Holly Viers • Oct 18, 2019 at 9:30 AM

GATE CITY — Since Tuesday evening’s Gate City Town Council meeting, at which the primary topic of discussion was fire hydrants in the Manville community, Town Manager Greg Jones has released new information about the hydrants and about the history of house fires in that area.

During the meeting, several residents stated that four homes in the Manville community had been destroyed by fire in the last two years. At that time, neither Jones nor the town council members disputed those claims.

However, after consulting 911 records, Jones said on Wednesday that between 2009 and 2019, two homes were destroyed by fire: the home at 126 Elliott Drive last month and a vacant house, located at 194 Chestnut St., in 2017.

“There were six other house fires during this time,” Jones said in an email, “but all the homes are currently occupied and the structure appears to be sound.”

What about the fire hydrants?

Jones on Wednesday also provided background information on one of the hydrants that was in question at Tuesday’s meeting. He stated that the fire hydrant on Chestnut/Promise Street was replaced “several months prior to the fire in 2017.”

“The hydrant in this location is on a 4” line with a max capacity of 499 gallons per minute,” Jones said in an email. “The hydrant according to the inspection report is delivering 455 gallons per minute.”

Is there a backup plan for power outages?

As reported yesterday by the Times News, Jones said at Tuesday’s meeting that the fire hydrants were not working properly the night of the Elliott Drive house fire due to a power outage that occurred an hour before. The outage disabled the water pump that was responsible for creating water pressure on the Manville water line, leading to low water pressure from the hydrants.

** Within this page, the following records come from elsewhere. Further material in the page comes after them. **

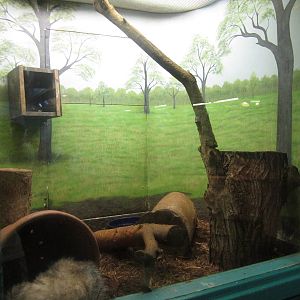 Sep. 2012-Virginia Opossum exhibit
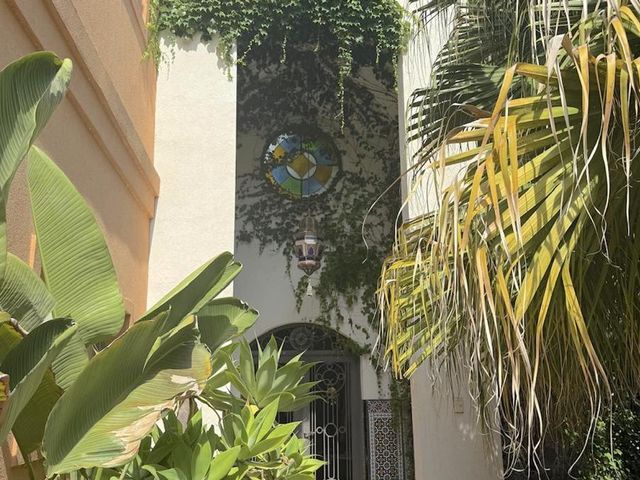 place photo 46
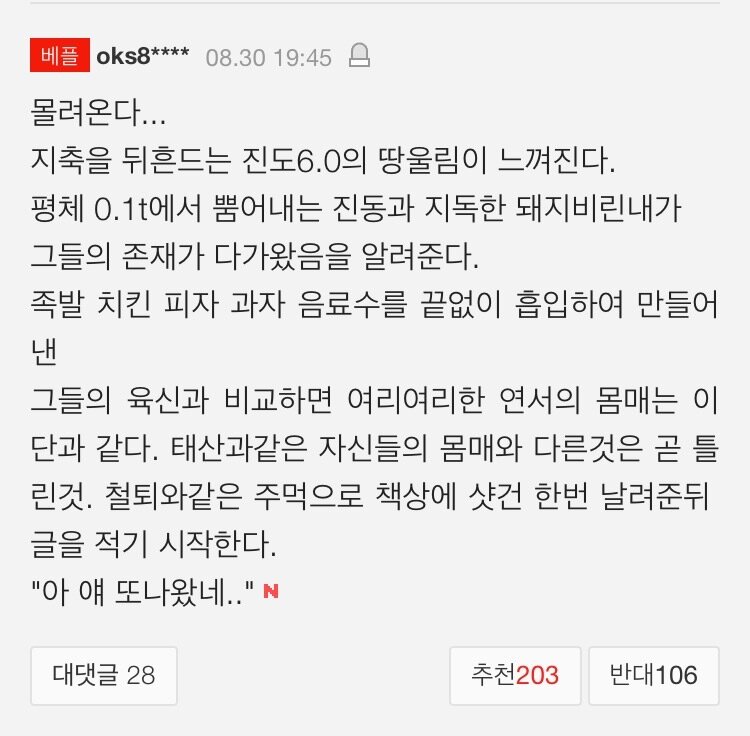 네이트 이미지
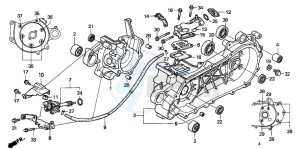 SFX50SMM drawing CRANKCASE/OIL PUMP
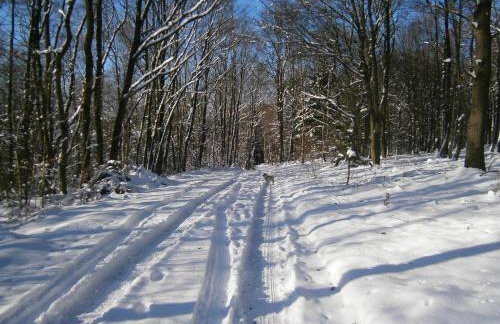 Ferienwohnungen Schimsheimer Rhode - Foto 7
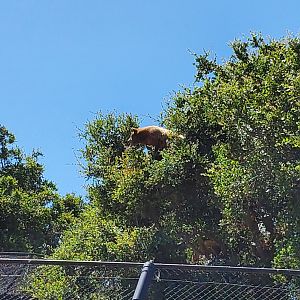 Black bear in trees - 10 Jun 2022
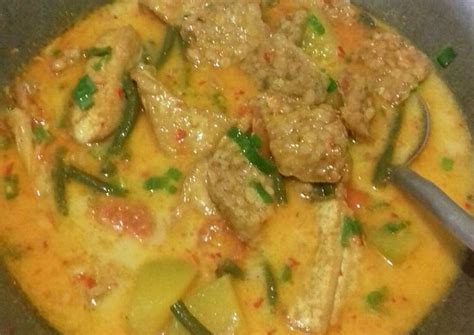 Masukkan santan dan tempe, masak sampai kuah menyusut. Resep Tahu tempe kuah santan sayur oleh Juwita Ridayanti ...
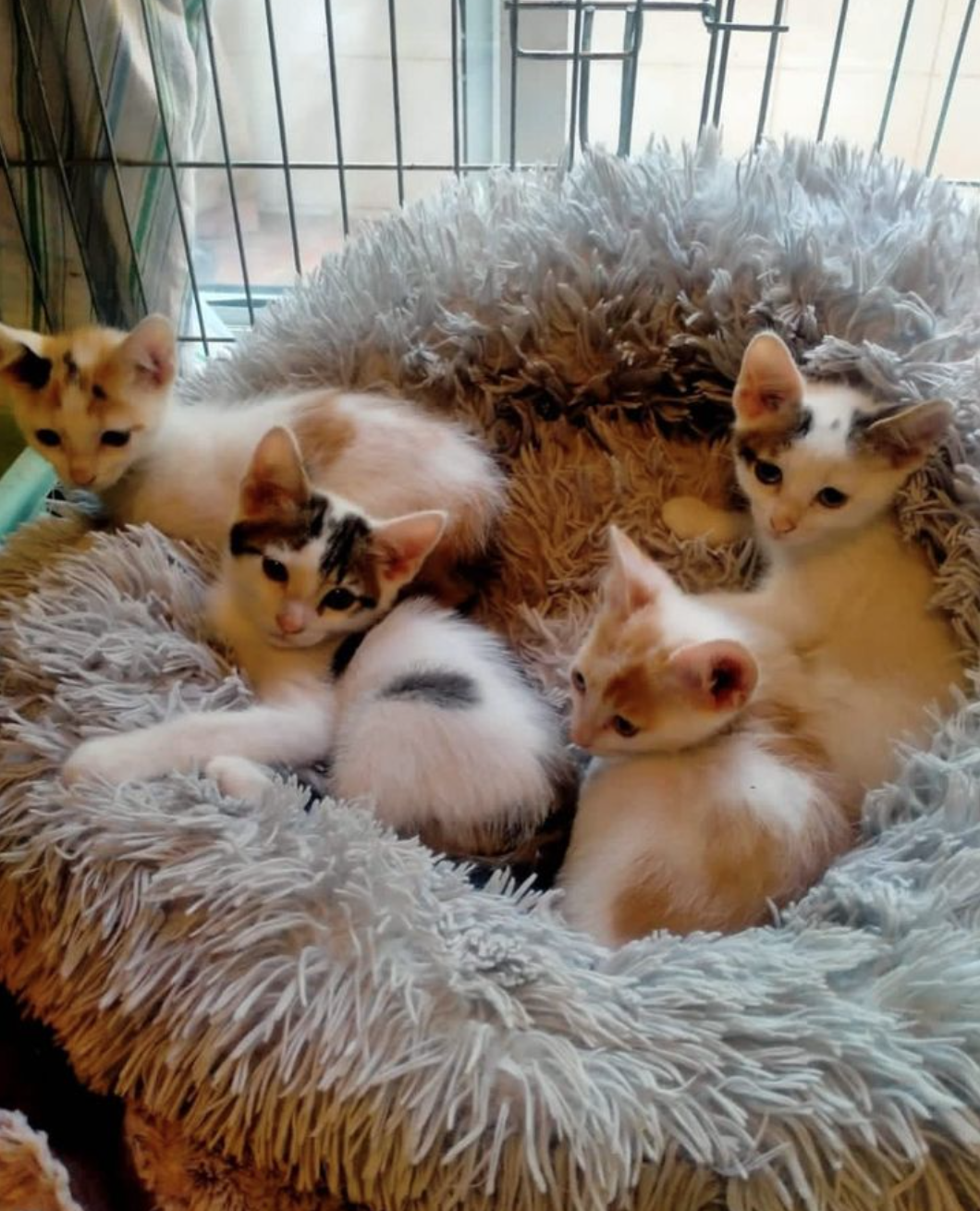 Imagen de la publicación de Adopta Una Vida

Since that time, Jones said he consulted engineers to determine a price for a backup generator for the Manville waterline. The cost is expected to be around $100,000, Jones said.

What else is new?

Jones said he contacted Mike Paris from the state fire marshal’s office, who told him that there are no “standards of flow in neighborhoods.”

“Mr. Paris stated that each hydrant is color coded to the capacity available in the area,” Jones said in an email. “The hydrants should be tested every year in accordance to NFPA 291 standard 2019 to ensure the hydrant is producing the flow for which it’s rated.”

According to Jones, Paris also said there are no laws stating that a fire hose cannot cross a street or impede traffic, as was claimed by some Manville residents during Tuesday evening’s meeting. Jones added that it is illegal for traffic to cross over a fire hose and that fire departments can do “whatever is necessary to protect life and property.”